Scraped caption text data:
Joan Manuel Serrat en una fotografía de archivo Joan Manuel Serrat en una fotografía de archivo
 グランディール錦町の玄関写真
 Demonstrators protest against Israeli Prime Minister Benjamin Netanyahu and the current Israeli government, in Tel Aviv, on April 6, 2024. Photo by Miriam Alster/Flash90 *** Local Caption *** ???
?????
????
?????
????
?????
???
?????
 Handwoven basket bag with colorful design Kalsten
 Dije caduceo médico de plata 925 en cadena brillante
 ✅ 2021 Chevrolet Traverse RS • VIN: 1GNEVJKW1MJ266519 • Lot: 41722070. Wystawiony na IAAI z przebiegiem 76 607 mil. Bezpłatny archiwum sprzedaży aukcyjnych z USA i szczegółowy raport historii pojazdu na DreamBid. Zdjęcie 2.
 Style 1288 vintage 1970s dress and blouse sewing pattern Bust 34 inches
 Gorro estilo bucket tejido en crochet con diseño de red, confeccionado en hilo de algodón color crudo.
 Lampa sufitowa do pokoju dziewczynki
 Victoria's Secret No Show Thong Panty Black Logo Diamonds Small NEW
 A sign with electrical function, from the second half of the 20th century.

TASK:
Each entry needs to be given again exactly as it stands.

SOLUTION FOR THIS PROBLEM:
Joan Manuel Serrat en una fotografía de archivo Joan Manuel Serrat en una fotografía de archivo
 グランディール錦町の玄関写真
 Demonstrators protest against Israeli Prime Minister Benjamin Netanyahu and the current Israeli government, in Tel Aviv, on April 6, 2024. Photo by Miriam Alster/Flash90 *** Local Caption *** ???
?????
????
?????
????
?????
???
?????
 Handwoven basket bag with colorful design Kalsten
 Dije caduceo médico de plata 925 en cadena brillante
 ✅ 2021 Chevrolet Traverse RS • VIN: 1GNEVJKW1MJ266519 • Lot: 41722070. Wystawiony na IAAI z przebiegiem 76 607 mil. Bezpłatny archiwum sprzedaży aukcyjnych z USA i szczegółowy raport historii pojazdu na DreamBid. Zdjęcie 2.
 Style 1288 vintage 1970s dress and blouse sewing pattern Bust 34 inches
 Gorro estilo bucket tejido en crochet con diseño de red, confeccionado en hilo de algodón color crudo.
 Lampa sufitowa do pokoju dziewczynki
 Victoria's Secret No Show Thong Panty Black Logo Diamonds Small NEW
 A sign with electrical function, from the second half of the 20th century.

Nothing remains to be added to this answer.